Jay Parkhill February 6th, 2007
Napster was the original user-generated content company. It was shut down in 2001, of course, after the Recording Industry Association of America sued the company for maintaining a database of songs that anyone could download without paying royalties or otherwise respecting copyright law.
A host of new file-sharing companies then rose up that didn’t maintain their own song databases. The RIAA sued several of those companies as well, resulting in the important Grokster decision by the US Supreme Court in June 2005. Grokster held that companies can be found liable for copyright infringement by distributing a “device” with the clear intent to promote infringement, as shown by affirmative steps to promote infringement. While these actions certainly didn’t put an end to illegal music file sharing, the battle lines are at least clear now in the music world.
Video is a different matter. Online video sharing has grown along a different trajectory and the issues there are overlapping, but distinct. Events over the past year have led me to believe that some businesses have taken the lessons of Napster/Grokster to heart, while others have not.
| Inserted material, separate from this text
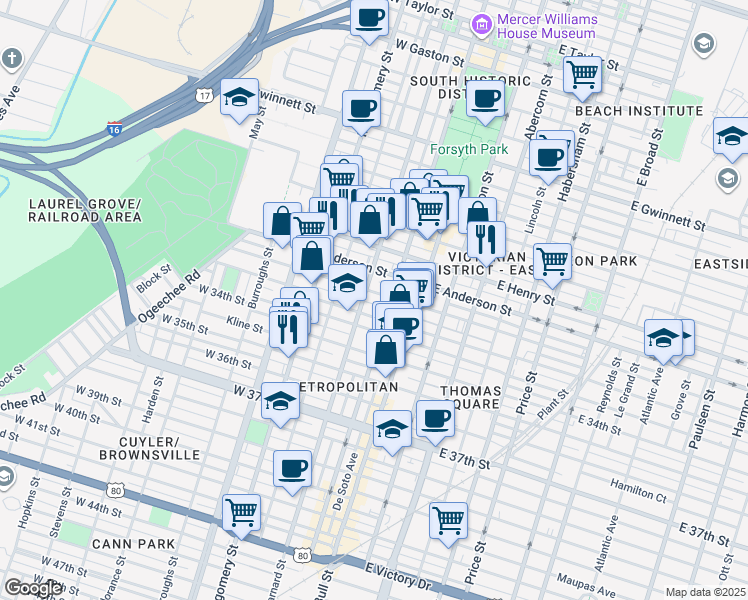 map of restaurants, bars, coffee shops, grocery stores, and more near 1414 Barnard Street in Savannah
The biggest non-learner of them all in both size and non-learningness. (There are a myriad other video sharing sites that feature copyright-infringing content just as prominently, so I will use YouTube here as a stand-in for all of them.) YouTube’s business is even more Napster than Napster itself: at least the latter company declined to host content. YT both hosts and indexes all of its videos. Its only hope for salvation is to appease the movie studios in a hurry (witness its rush to remove 100k videos two days following a demand from Viacom) while it desperately scrambles for a non-infringement-dependent business model. No wonder Google made a big public statement about keeping YT as a separate entity- bringing it in too close to Google’s core might expose Google to spillover liability.
Here is a great example of an anti-YouTube. Founder Dave Samuel told me that staying on the right side of copyright was a critical piece of the puzzle from inception. Copyright violations may exist on the site, but they are much harder to find. Unfortunately, Grouper’s traffic is also a drop in the bucket compared to YT, which probably says a lot about what the market wants to watch.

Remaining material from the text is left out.